DATASET CONTENT

########################################

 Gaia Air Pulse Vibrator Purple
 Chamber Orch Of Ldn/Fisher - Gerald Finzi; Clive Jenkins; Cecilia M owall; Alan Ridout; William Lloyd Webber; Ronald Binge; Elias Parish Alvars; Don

########################################

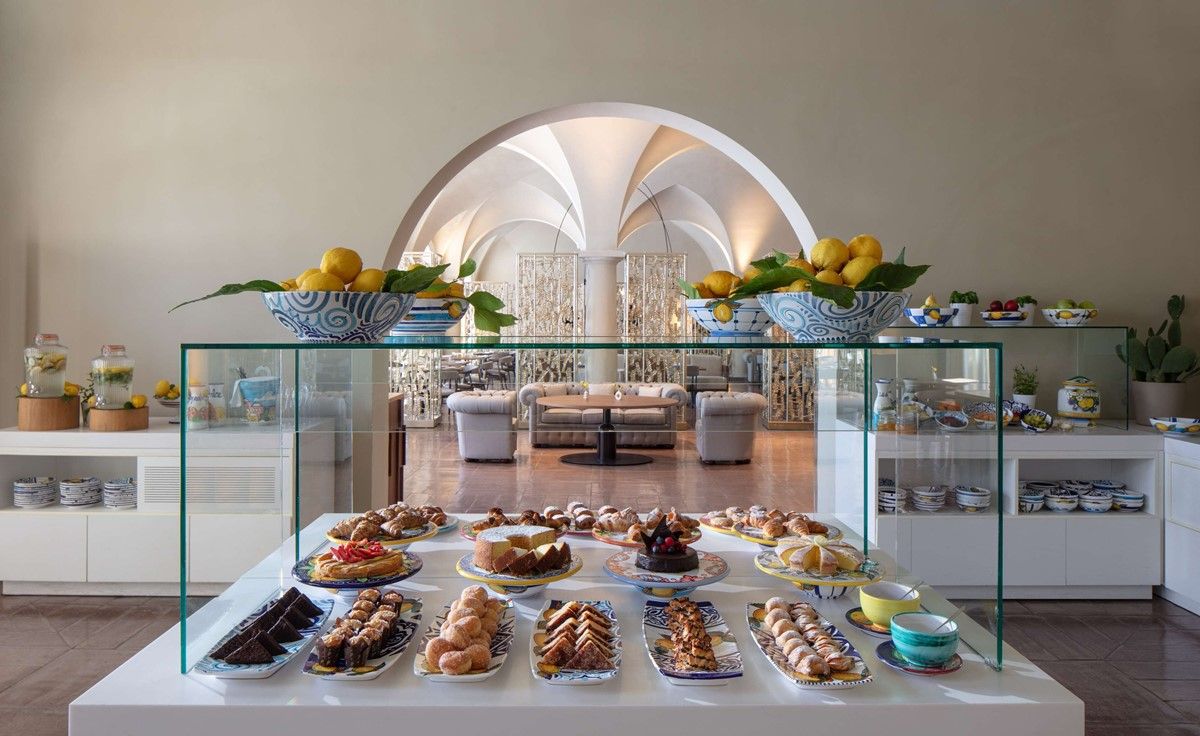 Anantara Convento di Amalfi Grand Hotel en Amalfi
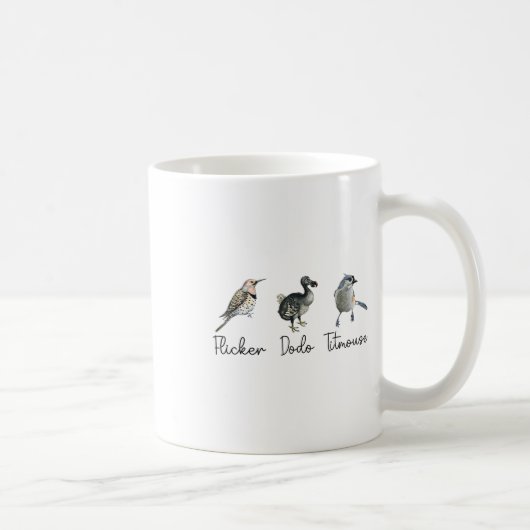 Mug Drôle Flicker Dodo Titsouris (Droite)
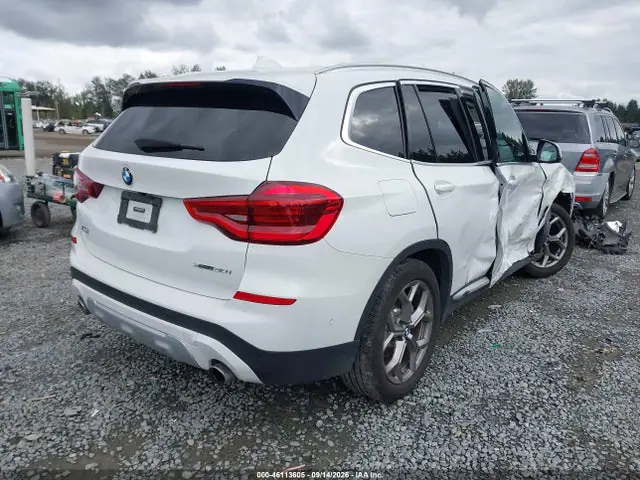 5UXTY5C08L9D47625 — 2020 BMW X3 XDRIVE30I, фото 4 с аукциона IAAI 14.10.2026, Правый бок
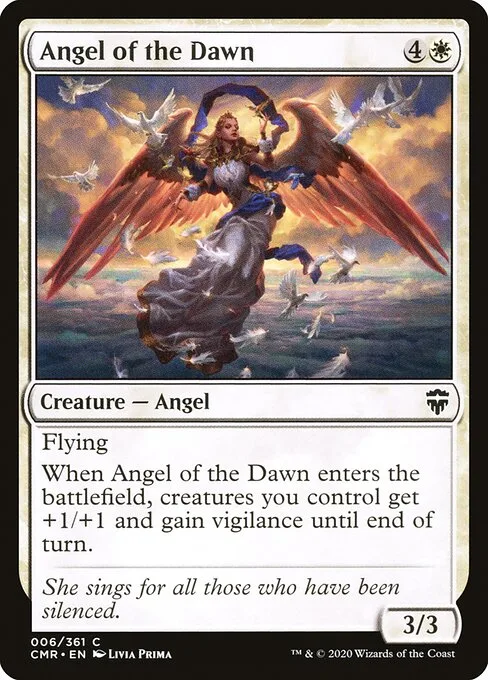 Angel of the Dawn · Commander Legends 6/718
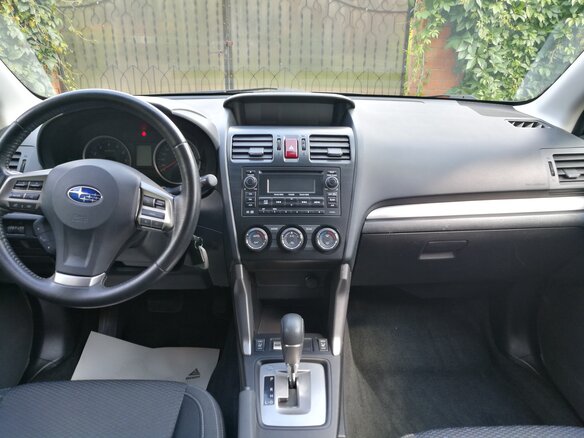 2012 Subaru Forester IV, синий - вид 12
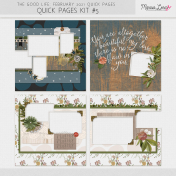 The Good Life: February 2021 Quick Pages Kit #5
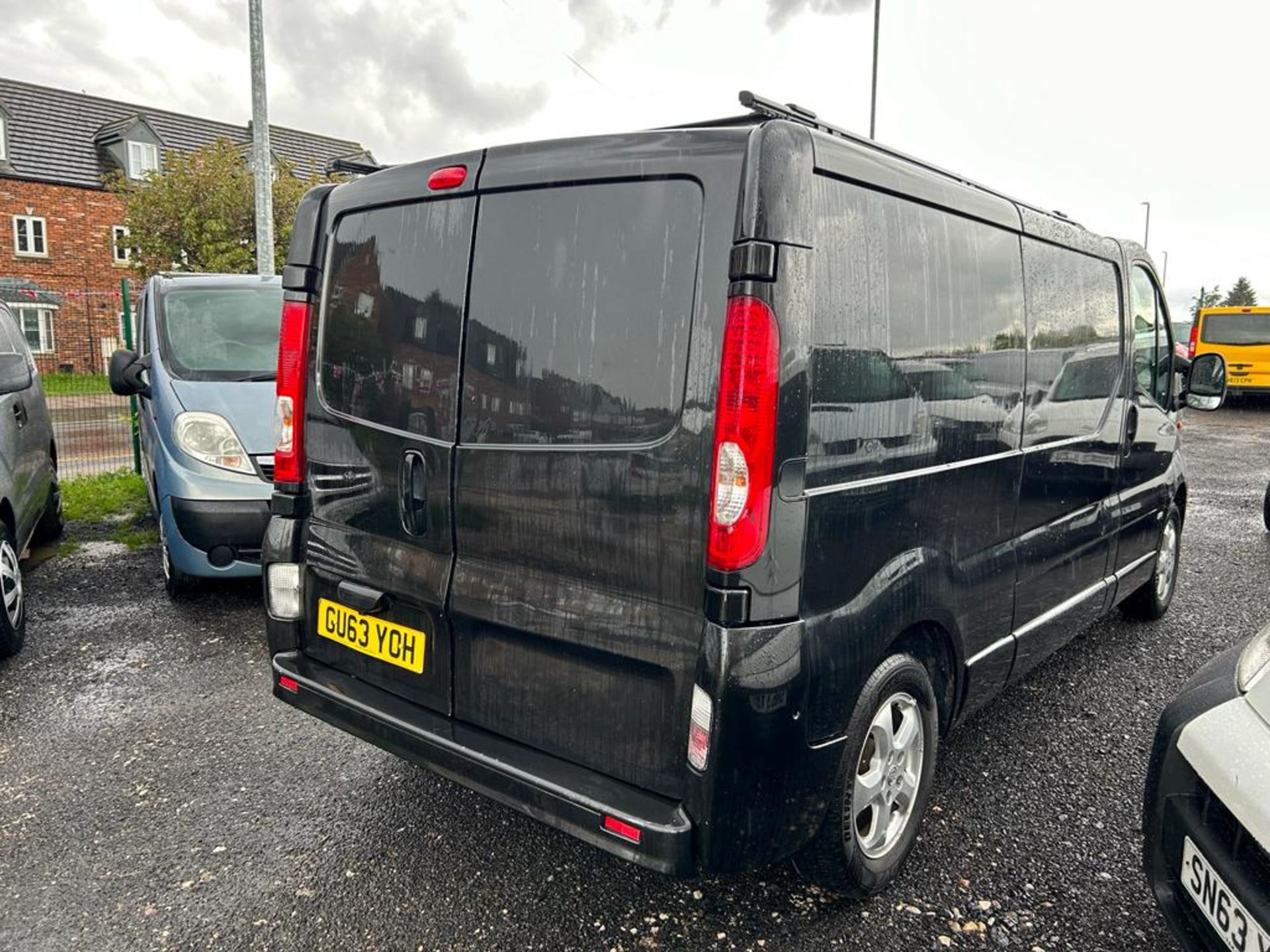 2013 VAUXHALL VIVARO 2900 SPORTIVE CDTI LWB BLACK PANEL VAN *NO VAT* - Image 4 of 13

########################################

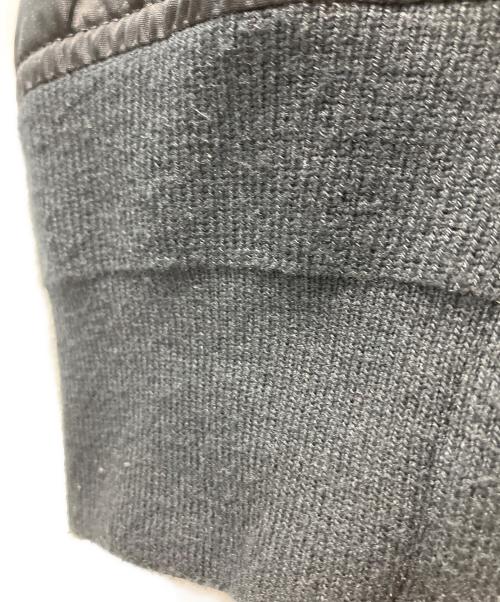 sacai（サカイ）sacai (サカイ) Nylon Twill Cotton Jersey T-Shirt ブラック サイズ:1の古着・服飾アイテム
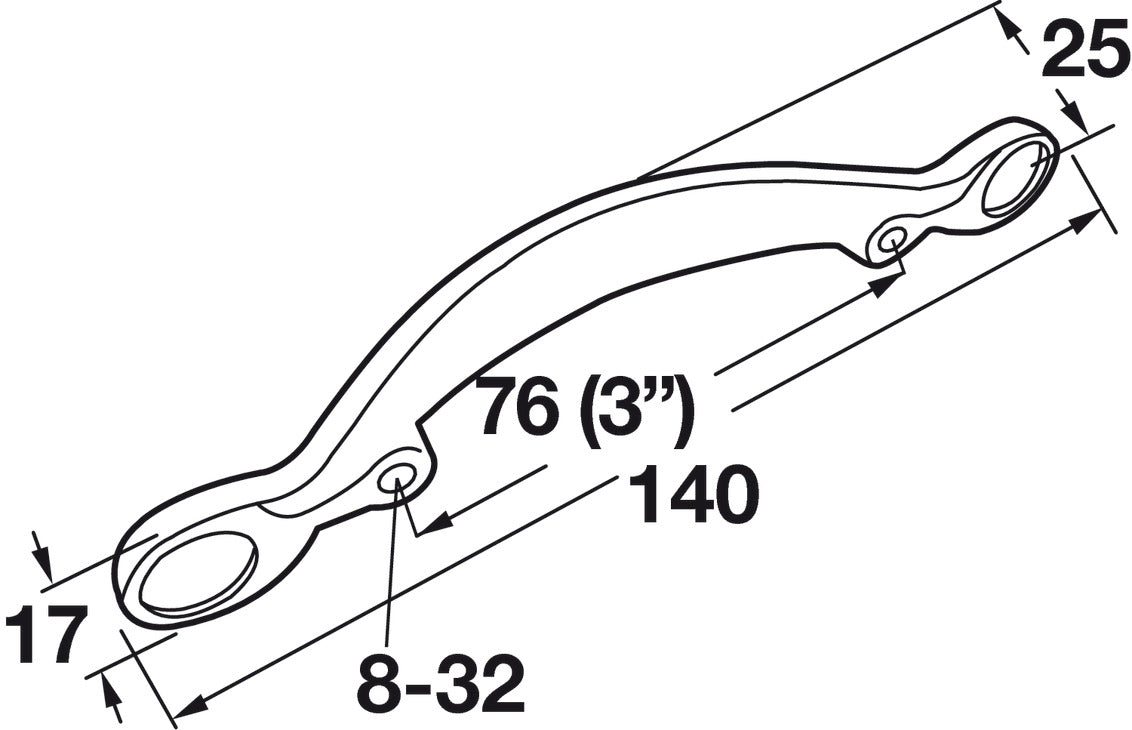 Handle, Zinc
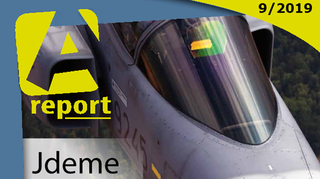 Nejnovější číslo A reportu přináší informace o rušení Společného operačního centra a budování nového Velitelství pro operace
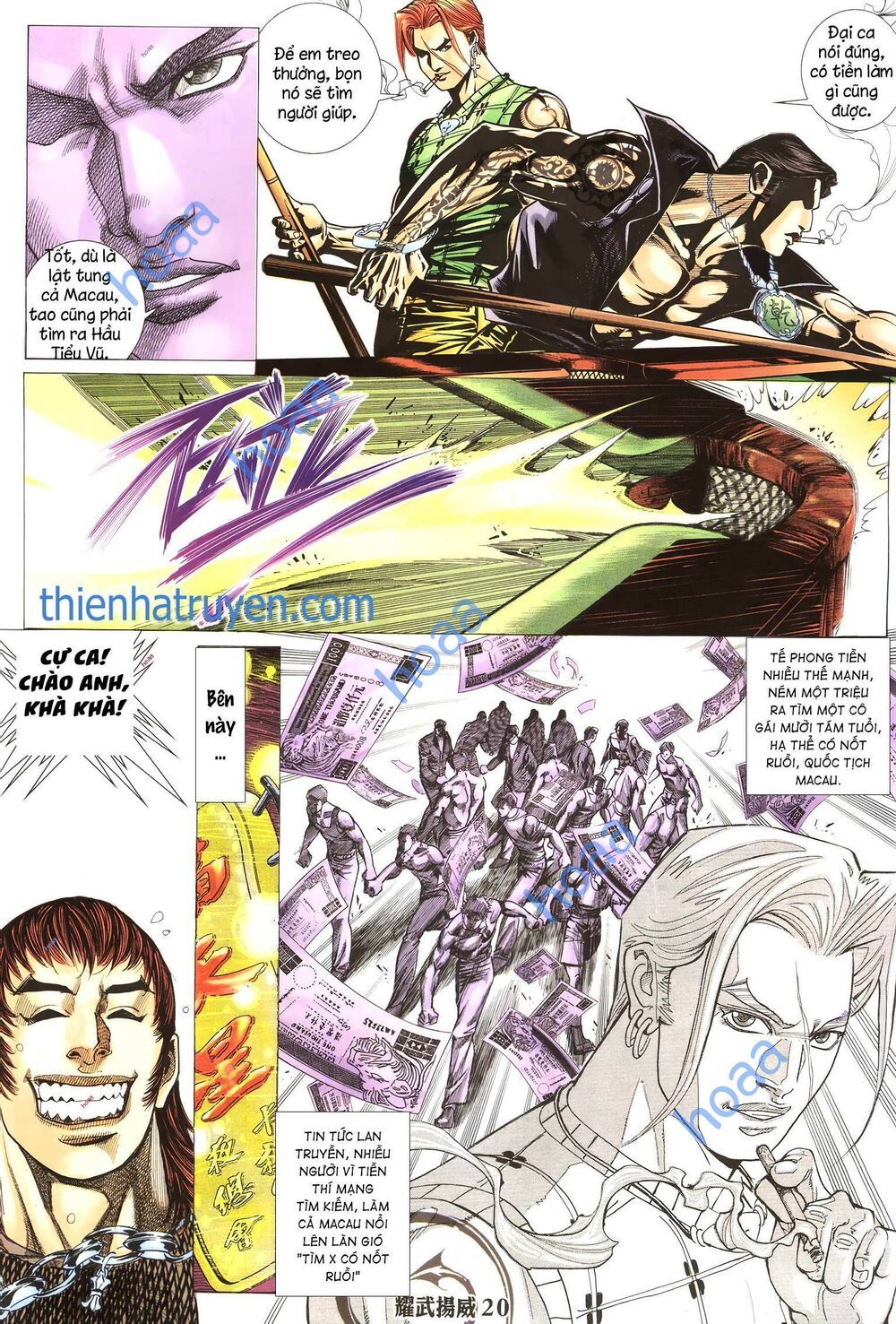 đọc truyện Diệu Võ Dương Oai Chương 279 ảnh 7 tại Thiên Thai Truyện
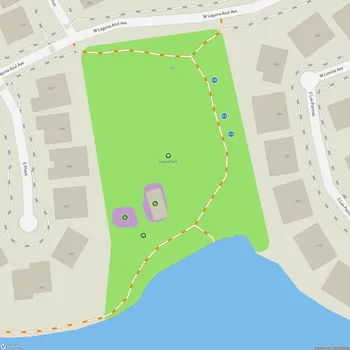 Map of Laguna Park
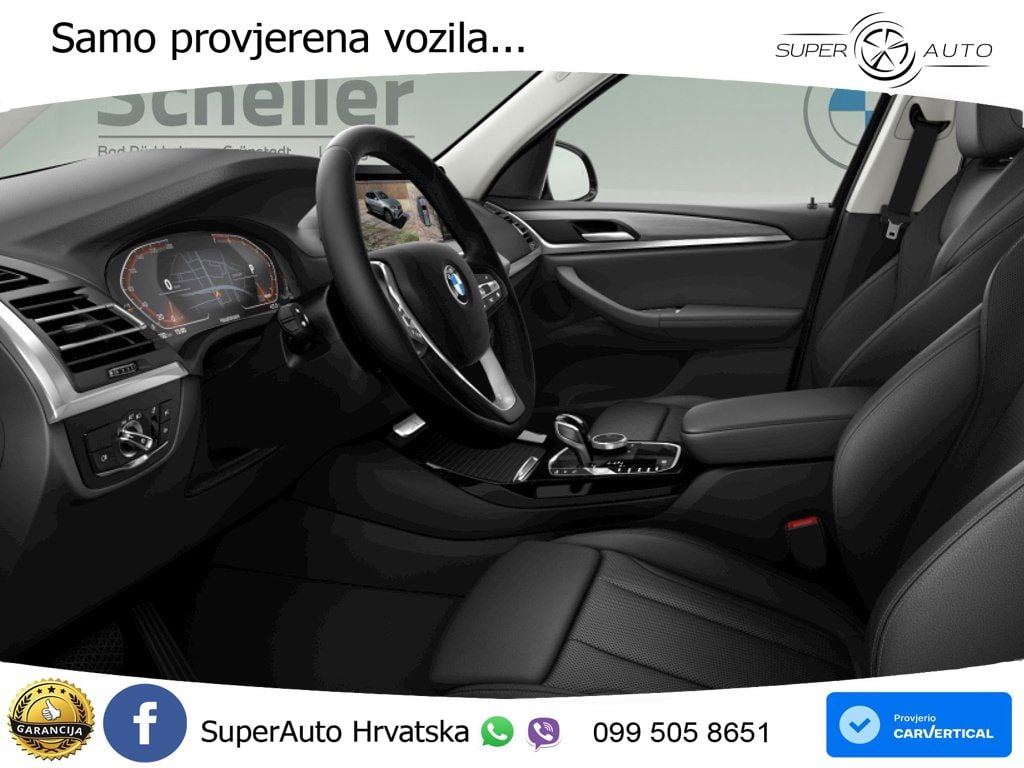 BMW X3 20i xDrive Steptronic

########################################

YOUR ASSIGNMENT
Start with the line above containing "Mug Drôle Flicker Dodo Titsouris (Droite)" and end with the line containing "2013 VAUXHALL VIVARO". Set down that stretch exactly, without any pictures.

EXERCISE RESULT
 Mug Drôle Flicker Dodo Titsouris (Droite)
 5UXTY5C08L9D47625 — 2020 BMW X3 XDRIVE30I, фото 4 с аукциона IAAI 14.10.2026, Правый бок
 Angel of the Dawn · Commander Legends 6/718
 2012 Subaru Forester IV, синий - вид 12
 The Good Life: February 2021 Quick Pages Kit #5
 2013 VAUXHALL VIVARO 2900 SPORTIVE CDTI LWB BLACK PANEL VAN *NO VAT* - Image 4 of 13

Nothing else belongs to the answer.